The State of Montana’s channel and floodplain construction activities span about 13,000 feet upstream of where the Milltown Dam was located. Between 2007 and 2009, remediation activities led by the Environmental Protection Agency removed 2.6 million cubic yards of contaminated reservoir sediments. The State of Montana restoration activities, coordinated by the Natural Resource Damage Program, removed an additional 500,000 cubic yards of sediment from the reservoir.
“All the construction workers, equipment operators, scientists, engineers, project managers and designers working on this project deserve major credit for a job well done,” NRDP project manager Doug Martin noted. “They fit all the pieces of this huge, complex puzzle of a project together very nicely.”
Thursday also marked the official transfer of 415 acres of land owned by NorthWestern Energy Corporation to the State of Montana. The transfer of this land, which extends about 2.5 miles upriver from the former dam site, is part of the consideration NorthWestern is providing to the State to settle the State’s natural resource damage claim against the energy company.
As part of this conveyance, and with EPA’s help, the State will receive Superfund liability protection for the land it is acquiring.
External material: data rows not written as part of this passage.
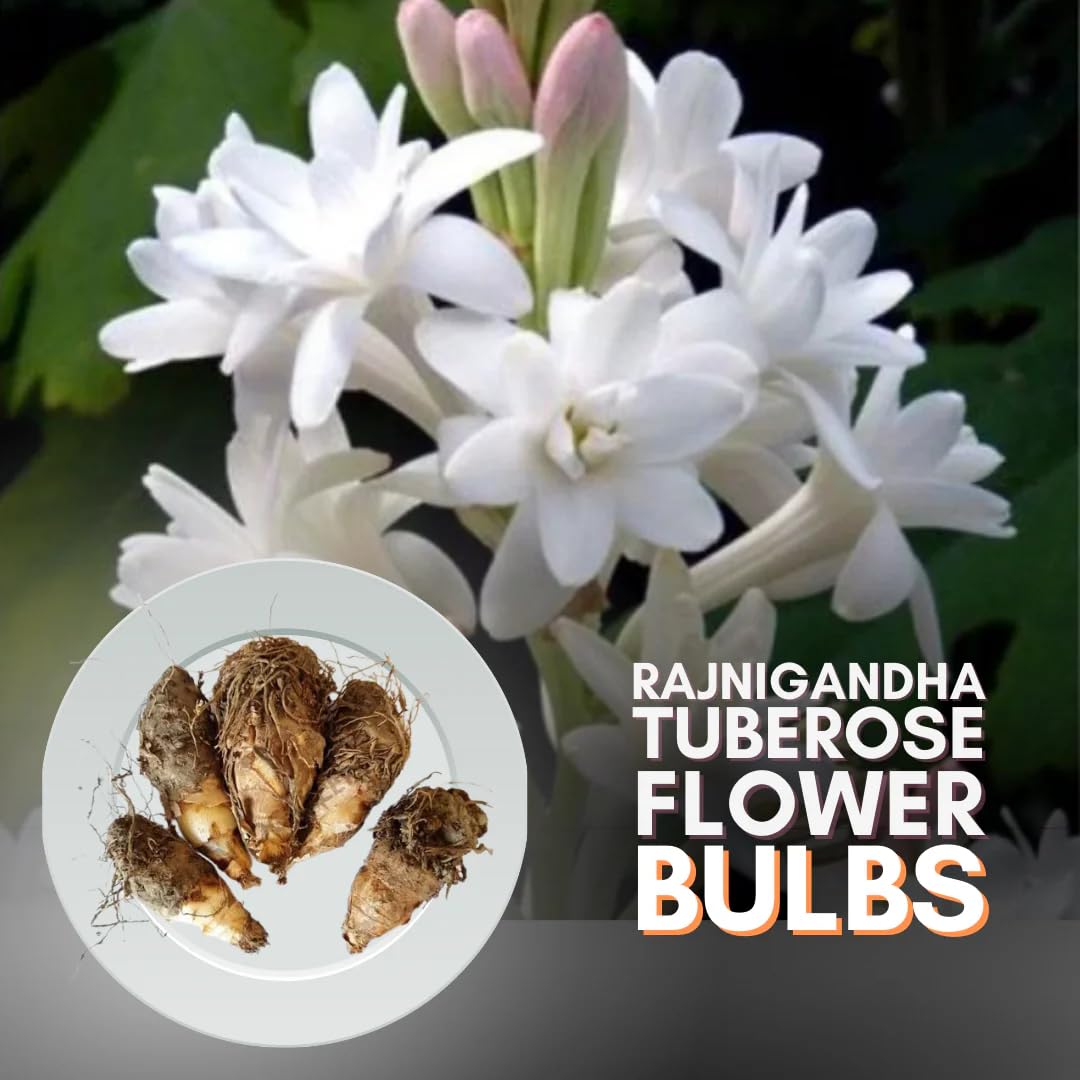 Tuberose Rajanigandha Double Petal Flower Plant Bulbs, Hybrid All Season Variety, Pack of 10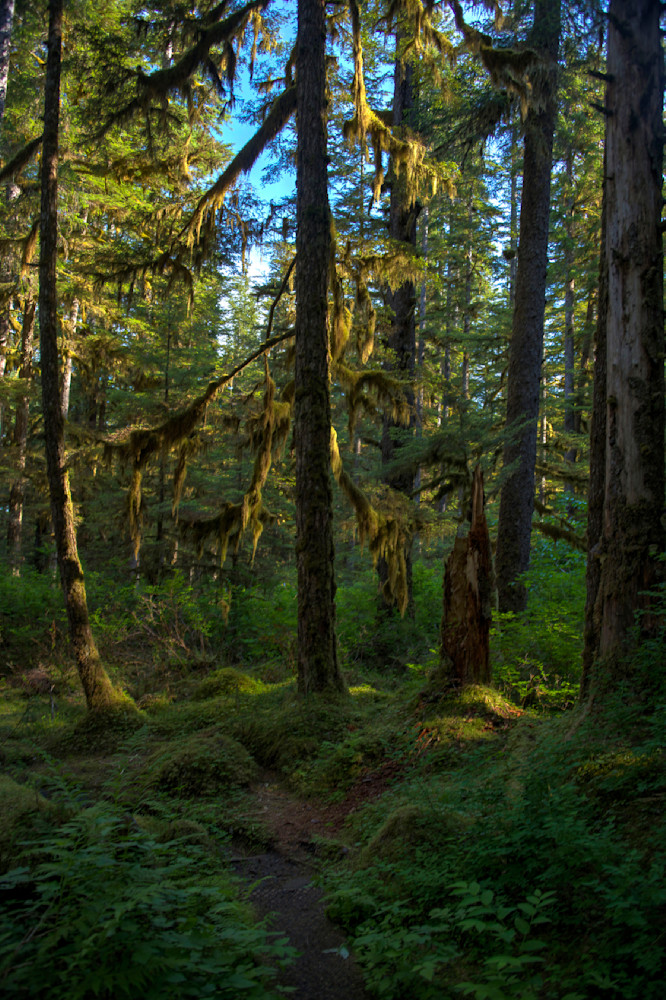 Forest Trail in Glacier Bay National Park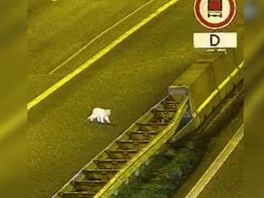 Zo loopt deze kat een rondje over de A15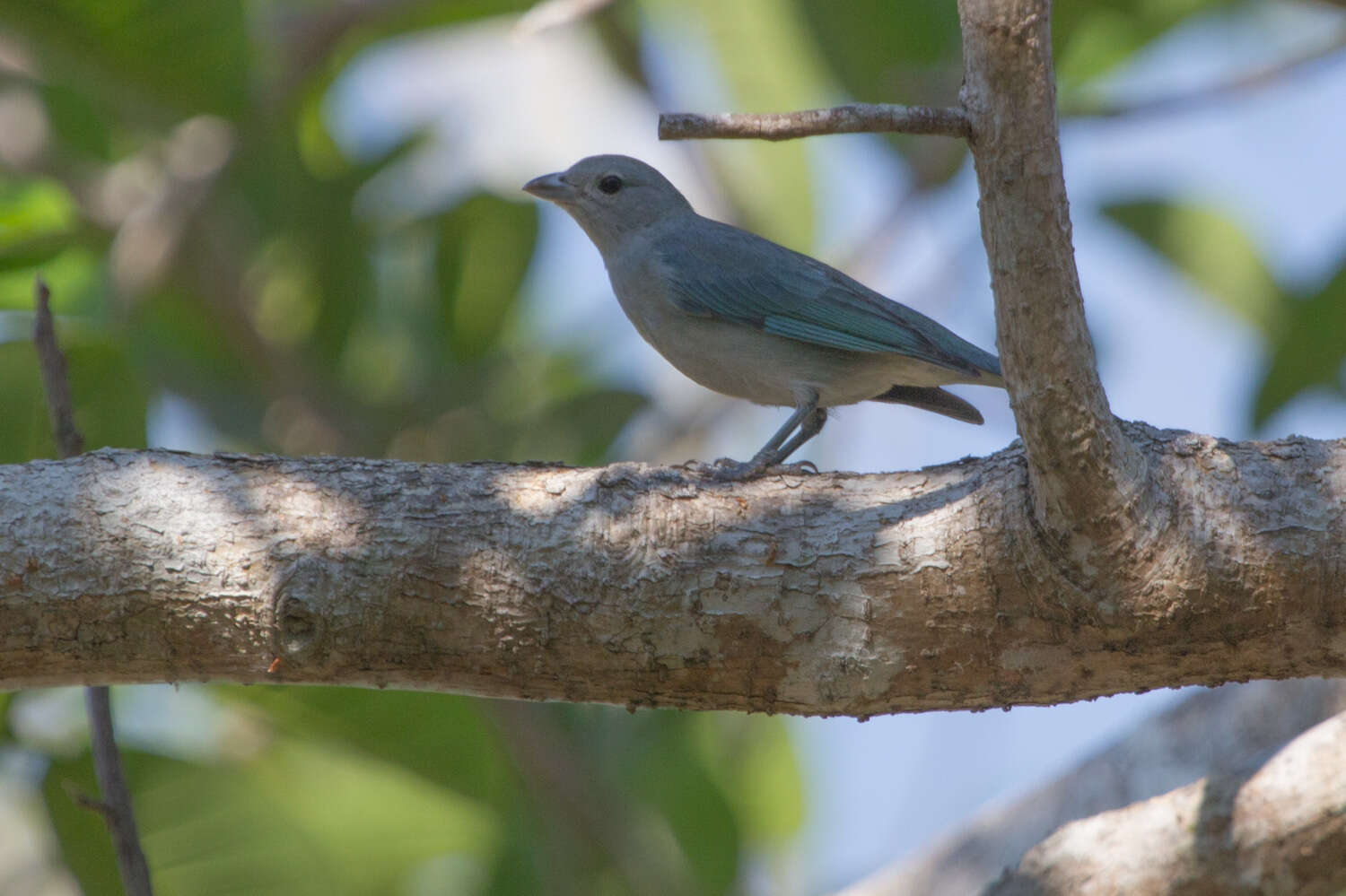 Thraupis sayaca (Linnaeus 1766) resmi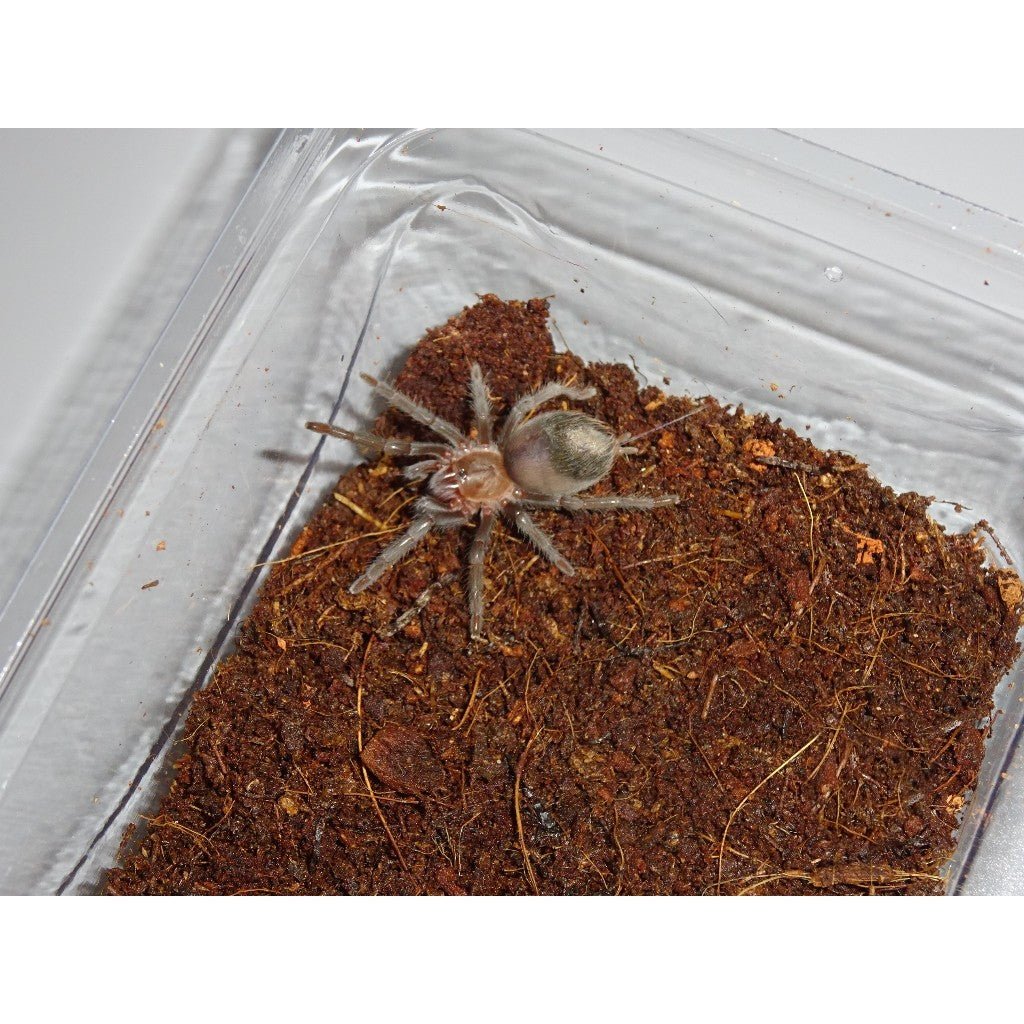 Mexican Black Velvet Tarantula Live Pet Spider 2.5 to 3.8 cm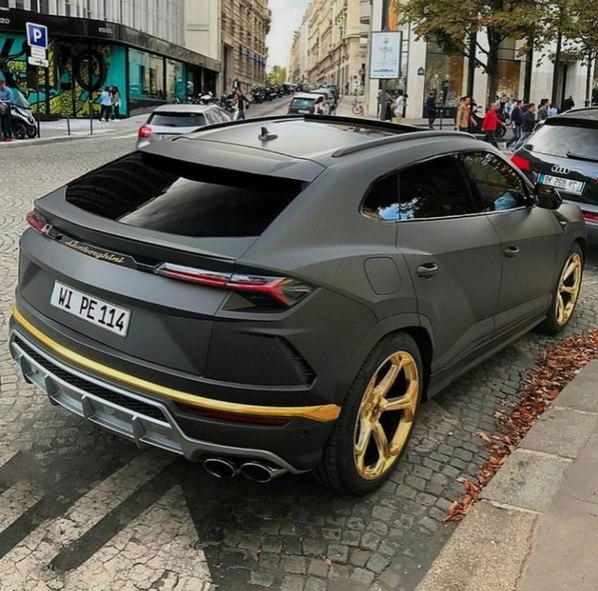 Urus  ae, a a?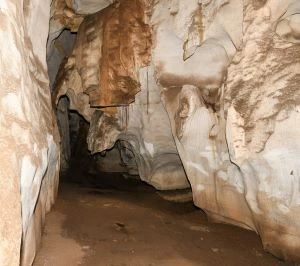 3 days Tanga tour with Amboni Caves| Kizza Adventure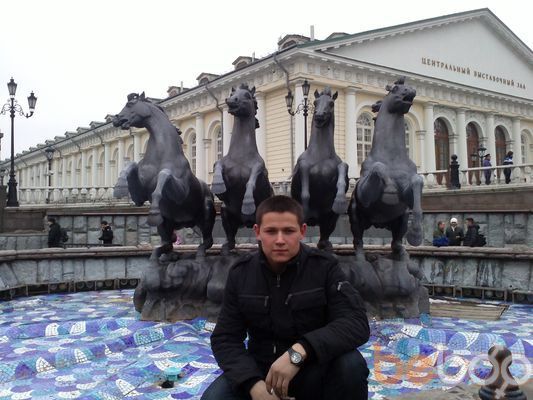 ,   Vitek, 31 ,   ,   , c 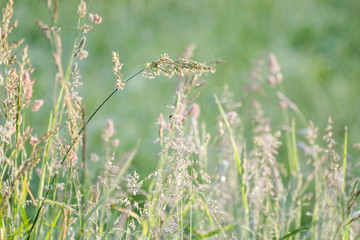 Grasses in a meadow backlit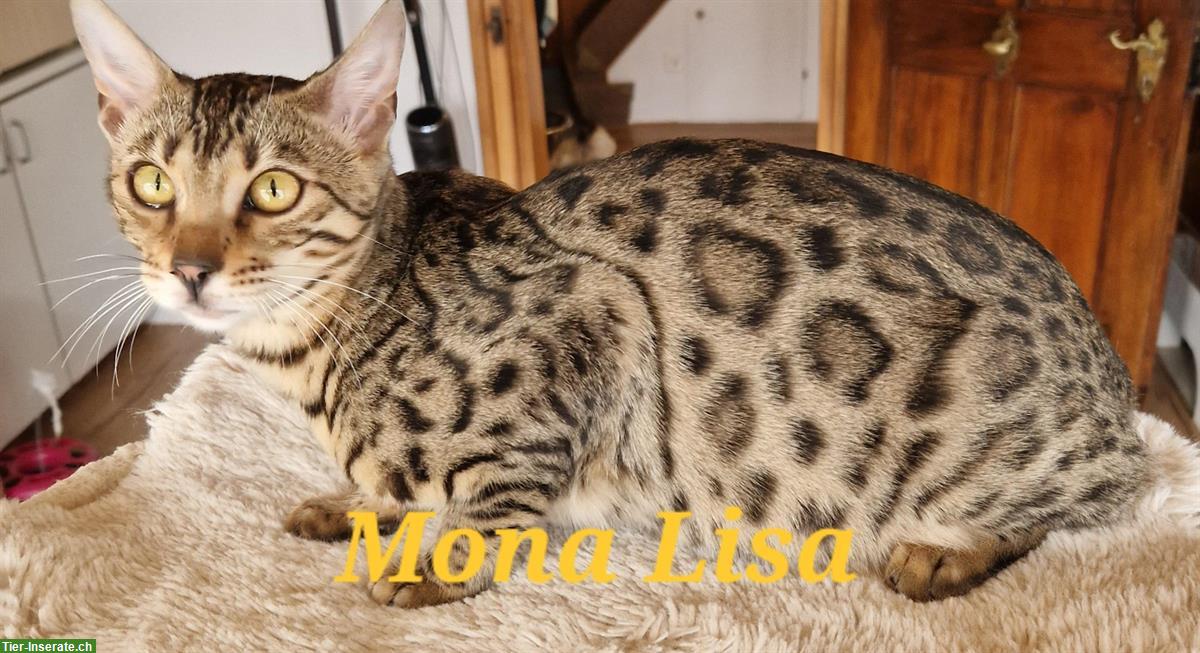 Bengal Katzen, Teenager mit Stammbaum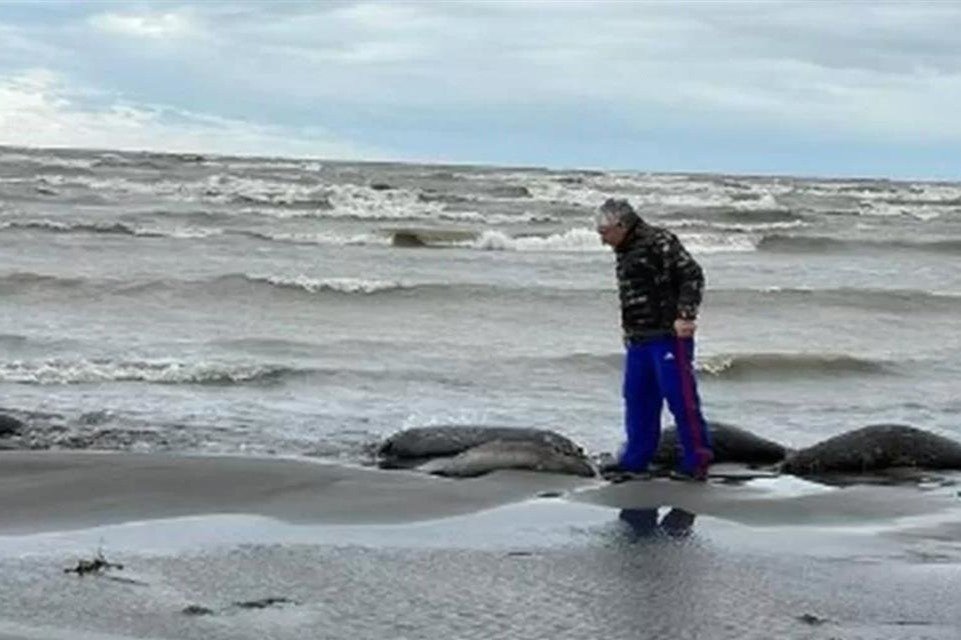 <em>俄罗斯</em>里海沿岸发现约2500只海豹尸体，死亡原因尚不确定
After the restoration of the site is completed, this riverfront land will become the centerpiece of the State park the Department of Fish, Wildlife & Parks is planning for the Milltown site.
Julie DalSoglio, EPA Montana Office Director, praised today’s event saying, “By working together, the many players from state, tribal, federal, and local levels have accomplished more than any could have done alone. We are cleaning up the Milltown Superfund Site, restoring the wonderful Clark Fork River, and creating a legacy for future generations. In this holiday season, this is truly a gift for all.”
“This marks a major milestone in a world class remediation-restoration project that generations of Montanans will benefit from,” Department of Environmental Quality director Richard Opper said. “To the people who made this happen, I offer my thanks. To the Clark Fork River, I say “Welcome Home!”